Exposing metrics to monitor your workload

To control and monitor your workload, you can have HCL Workload Automation expose a number of metrics that provide insight into the state, health, and performance of your workload environment and infrastructure. By further analyzing these values through a data analytics tool, such as AI Data Advisor (AIDA), you detect anomalies and anticipate failure or degradations.

For more information about AIDA and how to use it, see AI Data Advisor (AIDA) User's Guide.

Collecting these metrics can be useful for many reasons:
  • Generating alerts and addressing problems before they actually occur.
  • Monitoring and analyzing trends
  • Comparing historical data
  • Detecting anomalies

Workload Automation exposed metrics shows a list of the metrics retrieved, along with their description.

See Authorizing access to the metrics for preliminary steps to viewing the metrics.

See Accessing and visualizing the metrics to find out where and how to find the metrics.

See Applying a fix pack for information about the steps to be performed when you apply a fix pack.
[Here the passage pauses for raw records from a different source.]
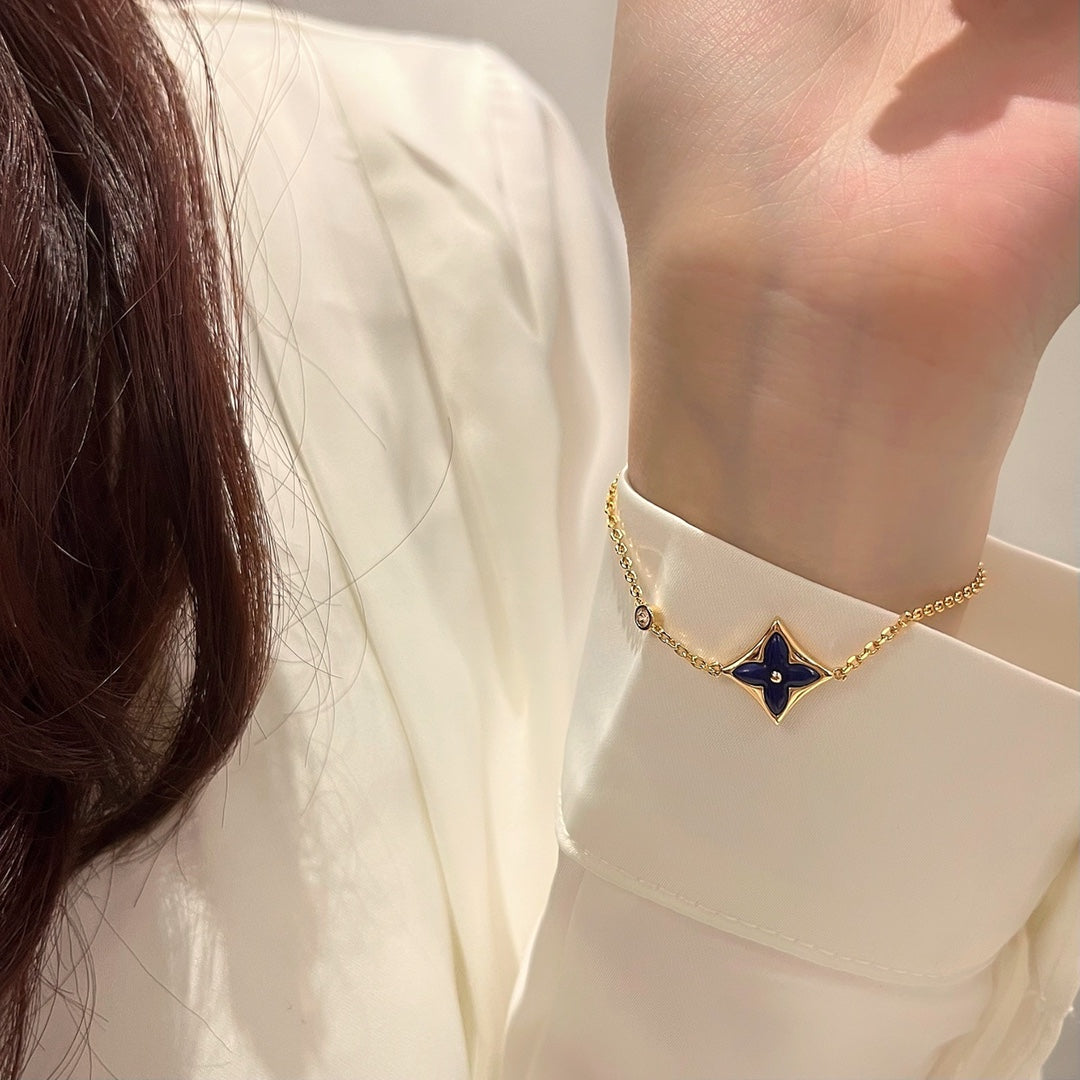 [⭐JeweliWhal]カラースター ピンクゴールド ダイヤモンドブレスレット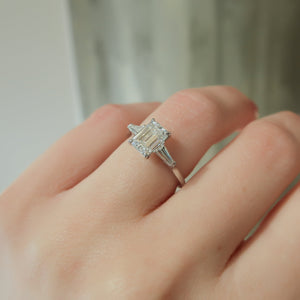 The Liv Set With A 3 Carat Emerald Lab Diamond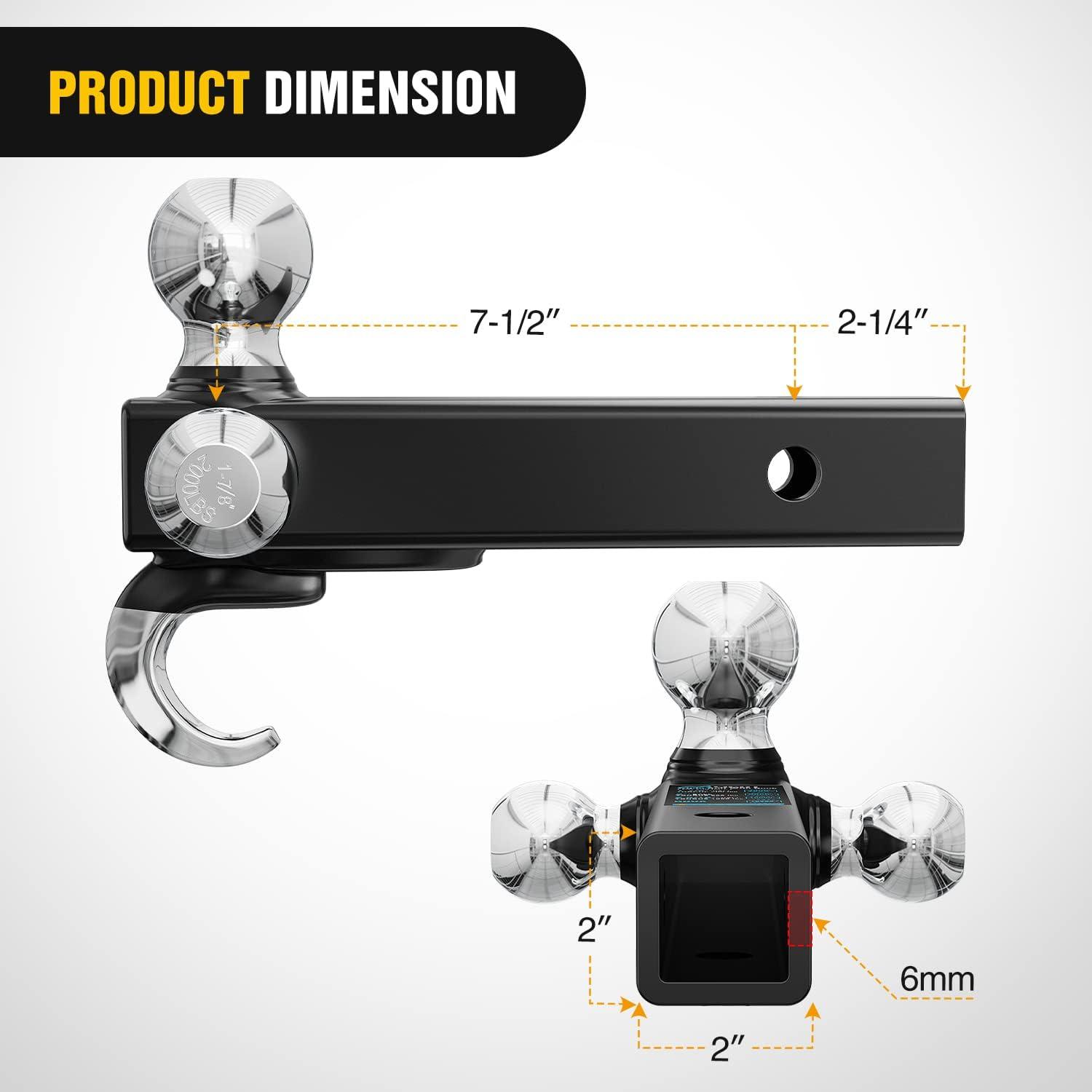 image:imageNilight Heavy Duty Trailer Shackle Kit for Double Eye Springs Fits 35K52K Axles DualStage AntiRust Coated Complete Installation Hardware Included Durable Suspension Repair Parts BlackTri Ball Mount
Table 1. Workload Automation exposed metrics
Metric Display Name Metric name Description
Flexera Monitoring application_wa_licence_uncountedJobs The number of jobs that ran and Flexera was unable to count.
Workload application_wa_JobsInPlanCount_jobs Workload by job status: WAITING, READY, HELD, BLOCKED, CANCELED, ERROR, RUNNING, SUCCESSFUL, SUPPRESS, UNDECIDED
application_wa_JobsByWorkstation Job status by workstation
application_wa_JobsByFolder_jobs Job status by folder
application_wa_JobsInPlanCount_jobs Workload throughput (jobs/minute)
Critical Jobs application_wa_criticalJob_incompletePredecessor Incomplete predecessors
application_wa_criticalJob_potentialRisk_boolean Risk level: potential risk
application_wa_criticalJob_highRisk_boolean Risk level: high risk
application_wa_criticalJob_estimateEnd_seconds Estimated end
application_wa_criticalJob_confidence_factor Confidence factor
WA Server - Internal Message Queues application_wa_msgFileFill_percent Internal message queue usage for Appserverbox.msg, Courier.msg, mirrorbox.msg, Mailbox.msg, Monbox.msgn, Moncmd.msg, auditbox.msg, clbox.msg, planbox.msg, Intercom.msg, pobox messages, and server.msg
Workstation Status application_wa_workstation_running Workstations running
application_wa_workstation_linked_boolean Workstations linked
Database Connection Status application_wa_DB_connected_boolean 1 - connected, 0 - not connected
WA Server and Console - Liberty base_memory_usedHeap_bytes Heap usage percentage
vendor_session_activeSessions Active sessions
vendor_session_liveSessions Live sessions
vendor_threadpool_activeThreads Active threads
vendor_threadpool_size Threadpool size
base_gc_time_seconds Time per garbage collection cycle moving average
WA Sever and Console - Connection Pools (Liberty) vendor_connectionpool_inUseTime_total_seconds Average time usage per connection in milliseconds
vendor_connectionpool_managedConnections Managed connections
vendor_connectionpool_freeConnections Free connections
vendor_connectionpool_connectionHandles Connection handles
vendor_connectionpool_destroy_total Created and destroyed connections

Authorizing access to the metrics

To allow a user to access the metrics from the server, you must grant the administrator role to the user from the configured user registry.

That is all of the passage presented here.